Verkehr Linke kritisiert vermehrte Ausfälle bei Hadag-Fähren

Die Linksfraktion der Bürgerschaft kritisiert die Ausfälle bei den Fähren der Hadag. (Archivbild) Foto: Marcus Brandt/dpa
Die Linksfraktion der Bürgerschaft kritisiert die Ausfälle bei den Fähren der Hadag. (Archivbild) Foto
© Marcus Brandt/dpa
Ob Brücke, Tunnel oder Fähre, die Hamburger Verkehrsverbindungen über die Elbe sind nicht immer verlässlich. Drohen die Menschen im südlichen Stadtteil Finkenwerder abgehängt zu werden?
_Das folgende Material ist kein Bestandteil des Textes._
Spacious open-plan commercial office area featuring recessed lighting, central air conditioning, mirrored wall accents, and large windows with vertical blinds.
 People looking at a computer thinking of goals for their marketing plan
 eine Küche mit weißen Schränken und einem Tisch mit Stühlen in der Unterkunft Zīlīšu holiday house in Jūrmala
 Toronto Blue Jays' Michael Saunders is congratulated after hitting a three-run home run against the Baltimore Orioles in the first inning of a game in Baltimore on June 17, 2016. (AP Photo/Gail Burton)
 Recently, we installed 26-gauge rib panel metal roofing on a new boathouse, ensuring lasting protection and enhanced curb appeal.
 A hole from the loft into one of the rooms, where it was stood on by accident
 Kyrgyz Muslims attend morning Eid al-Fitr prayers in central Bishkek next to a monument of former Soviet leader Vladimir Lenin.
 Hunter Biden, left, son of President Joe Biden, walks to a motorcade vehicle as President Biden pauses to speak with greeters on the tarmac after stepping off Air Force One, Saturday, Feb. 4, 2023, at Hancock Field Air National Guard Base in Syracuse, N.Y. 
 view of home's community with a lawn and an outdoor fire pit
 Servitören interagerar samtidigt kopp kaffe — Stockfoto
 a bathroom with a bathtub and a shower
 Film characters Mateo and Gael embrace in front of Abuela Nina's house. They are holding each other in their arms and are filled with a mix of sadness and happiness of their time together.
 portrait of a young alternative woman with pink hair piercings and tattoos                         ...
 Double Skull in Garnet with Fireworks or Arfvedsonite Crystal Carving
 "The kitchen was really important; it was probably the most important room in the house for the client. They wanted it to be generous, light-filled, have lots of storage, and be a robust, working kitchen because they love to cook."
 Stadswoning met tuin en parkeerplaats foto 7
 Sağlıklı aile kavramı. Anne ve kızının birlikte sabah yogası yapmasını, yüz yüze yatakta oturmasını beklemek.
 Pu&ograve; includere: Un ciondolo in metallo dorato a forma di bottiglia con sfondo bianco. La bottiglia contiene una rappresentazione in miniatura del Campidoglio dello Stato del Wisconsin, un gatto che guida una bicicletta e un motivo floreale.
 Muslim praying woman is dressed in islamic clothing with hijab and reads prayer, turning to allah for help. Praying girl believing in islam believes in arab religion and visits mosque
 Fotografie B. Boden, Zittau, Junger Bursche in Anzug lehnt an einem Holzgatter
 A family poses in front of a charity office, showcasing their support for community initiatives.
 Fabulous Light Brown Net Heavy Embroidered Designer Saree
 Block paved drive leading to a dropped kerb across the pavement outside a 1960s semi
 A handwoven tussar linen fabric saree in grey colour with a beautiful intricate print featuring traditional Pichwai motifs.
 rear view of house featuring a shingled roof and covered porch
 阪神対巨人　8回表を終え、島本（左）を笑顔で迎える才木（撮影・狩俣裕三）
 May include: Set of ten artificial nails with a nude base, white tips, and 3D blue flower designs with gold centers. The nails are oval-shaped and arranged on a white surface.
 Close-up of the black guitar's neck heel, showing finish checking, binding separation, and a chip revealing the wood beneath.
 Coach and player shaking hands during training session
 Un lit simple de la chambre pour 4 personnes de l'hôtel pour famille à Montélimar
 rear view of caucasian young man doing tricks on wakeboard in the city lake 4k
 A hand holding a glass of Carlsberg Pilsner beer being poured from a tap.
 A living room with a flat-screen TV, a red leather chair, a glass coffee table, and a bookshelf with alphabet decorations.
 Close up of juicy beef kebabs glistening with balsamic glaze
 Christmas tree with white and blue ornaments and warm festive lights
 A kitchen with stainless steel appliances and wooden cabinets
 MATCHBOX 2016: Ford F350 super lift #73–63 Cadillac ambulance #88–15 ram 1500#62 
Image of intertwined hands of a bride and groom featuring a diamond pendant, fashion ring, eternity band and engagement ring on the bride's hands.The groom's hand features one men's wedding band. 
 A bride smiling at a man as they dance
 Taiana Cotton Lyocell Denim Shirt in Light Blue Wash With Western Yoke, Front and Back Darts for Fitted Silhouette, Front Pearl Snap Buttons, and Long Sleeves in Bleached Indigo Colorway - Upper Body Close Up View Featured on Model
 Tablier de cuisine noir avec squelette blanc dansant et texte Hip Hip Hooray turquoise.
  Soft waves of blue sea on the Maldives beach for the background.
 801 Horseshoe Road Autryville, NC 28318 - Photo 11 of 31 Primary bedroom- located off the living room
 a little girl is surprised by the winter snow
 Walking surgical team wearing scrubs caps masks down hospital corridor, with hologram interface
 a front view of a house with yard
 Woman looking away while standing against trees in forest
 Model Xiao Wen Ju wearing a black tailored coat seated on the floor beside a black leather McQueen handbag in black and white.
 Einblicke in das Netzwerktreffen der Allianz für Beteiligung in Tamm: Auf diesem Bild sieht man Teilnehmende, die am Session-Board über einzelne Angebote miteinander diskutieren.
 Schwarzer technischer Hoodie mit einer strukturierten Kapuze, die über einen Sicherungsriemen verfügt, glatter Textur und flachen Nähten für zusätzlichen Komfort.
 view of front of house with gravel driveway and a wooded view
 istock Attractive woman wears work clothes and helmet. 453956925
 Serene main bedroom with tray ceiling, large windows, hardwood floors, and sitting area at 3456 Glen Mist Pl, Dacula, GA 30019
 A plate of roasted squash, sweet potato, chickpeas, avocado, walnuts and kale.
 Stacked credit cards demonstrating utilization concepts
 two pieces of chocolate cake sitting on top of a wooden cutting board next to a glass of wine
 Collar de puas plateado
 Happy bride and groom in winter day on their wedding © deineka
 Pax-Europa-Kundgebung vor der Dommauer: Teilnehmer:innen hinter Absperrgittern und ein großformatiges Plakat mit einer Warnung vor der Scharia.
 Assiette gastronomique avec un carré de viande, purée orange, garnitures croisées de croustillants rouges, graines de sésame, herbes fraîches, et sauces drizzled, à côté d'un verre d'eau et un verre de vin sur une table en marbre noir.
Auf den Fährlinien der Hadag von und nach Hamburg-Finkenwerder am südlichen Elbufer häufen sich Angaben der Linken in der Bürgerschaft die Ausfälle. In den letzten vier Monaten des vergangenen Jahres seien auf der Linie 62 zwischen Landungsbrücken und Finkenwerder knapp 1.300 Fahrten ausgefallen, 400 mehr als im Vorjahr, hieß es in einer Pressemitteilung. Auf der Linie 64 zwischen Teufelsbrück und Finkenwerder seien weitere rund 450 Verbindungen entfallen, womit die Zahl nur leicht unter der des Vorjahreszeitraums liegt. 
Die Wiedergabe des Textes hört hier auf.